Redesigning the look of your brand in 10 easy steps

When you first set up your business, you probably rushed to create a logo, a few business cards, and a handful of folded leaflets – but now you’re ready to grow. The time’s right to become more professional in the way you promote yourself to the wider world.

Lots of growing businesses struggle when trying to get design work right. It can be hard to know what’s going to work and often owners think branding and logos are for bigger companies, not for them.

Good design can be an important part of helping your business grow as packaging, in-store displays, the look and feel of a website, are the things that help customers recognise products – and that’s true for companies of all sizes.

In this article, we’re going to take you through a ten step process that will help your business come to life through design. By the end, you’re going to be in a strong position to redesign the look of your brand, because we’ll have worked out the values and messages that are unique to your business.

Samantha Worsey, who runs Southsea Bathing Hut, has just taken her soap business through a similar process.
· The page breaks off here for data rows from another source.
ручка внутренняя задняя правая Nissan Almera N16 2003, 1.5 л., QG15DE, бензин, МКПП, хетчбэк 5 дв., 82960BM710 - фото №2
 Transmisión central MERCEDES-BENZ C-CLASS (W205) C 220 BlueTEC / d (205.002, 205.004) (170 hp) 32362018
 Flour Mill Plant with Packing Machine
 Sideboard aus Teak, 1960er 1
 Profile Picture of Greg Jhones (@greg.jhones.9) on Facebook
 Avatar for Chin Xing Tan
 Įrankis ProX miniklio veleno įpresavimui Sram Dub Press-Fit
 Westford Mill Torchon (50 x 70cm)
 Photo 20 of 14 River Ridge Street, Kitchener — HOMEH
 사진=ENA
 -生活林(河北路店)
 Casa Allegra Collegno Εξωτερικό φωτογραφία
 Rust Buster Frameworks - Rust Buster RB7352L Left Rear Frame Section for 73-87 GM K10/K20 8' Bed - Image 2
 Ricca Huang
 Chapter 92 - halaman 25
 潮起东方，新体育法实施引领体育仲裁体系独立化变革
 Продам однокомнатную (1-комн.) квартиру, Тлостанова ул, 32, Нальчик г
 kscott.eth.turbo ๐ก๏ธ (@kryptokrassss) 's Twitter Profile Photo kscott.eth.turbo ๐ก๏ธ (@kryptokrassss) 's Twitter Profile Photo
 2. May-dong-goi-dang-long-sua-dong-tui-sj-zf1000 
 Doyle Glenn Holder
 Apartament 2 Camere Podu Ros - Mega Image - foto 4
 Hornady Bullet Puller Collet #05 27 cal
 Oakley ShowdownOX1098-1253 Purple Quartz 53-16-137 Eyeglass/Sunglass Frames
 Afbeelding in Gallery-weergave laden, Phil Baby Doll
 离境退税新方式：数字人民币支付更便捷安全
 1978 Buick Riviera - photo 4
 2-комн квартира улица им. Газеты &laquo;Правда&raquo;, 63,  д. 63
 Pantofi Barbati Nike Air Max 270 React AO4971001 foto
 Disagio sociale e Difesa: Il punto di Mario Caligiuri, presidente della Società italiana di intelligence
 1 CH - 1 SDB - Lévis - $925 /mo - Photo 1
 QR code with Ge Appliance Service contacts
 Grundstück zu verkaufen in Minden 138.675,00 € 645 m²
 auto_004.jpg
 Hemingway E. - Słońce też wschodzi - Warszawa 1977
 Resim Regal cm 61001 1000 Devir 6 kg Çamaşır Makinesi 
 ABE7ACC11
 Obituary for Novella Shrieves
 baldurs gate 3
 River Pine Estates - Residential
So, to make things easier, we’ll be checking in with Samantha to see how she approached parts of the exercise.


1. Ask yourself a key question about your business and products

Why is your business important to you? It’s a simple enough question, but you’d be amazed how many owners can’t communicate this easily.

Task one:

  • Ask yourself that question. Write down all the things that come into your head.
  • Now, ask yourself what you think your business does well. Add those things to the list.
  • Now, put the answers to one side (you’re going to need them in a moment).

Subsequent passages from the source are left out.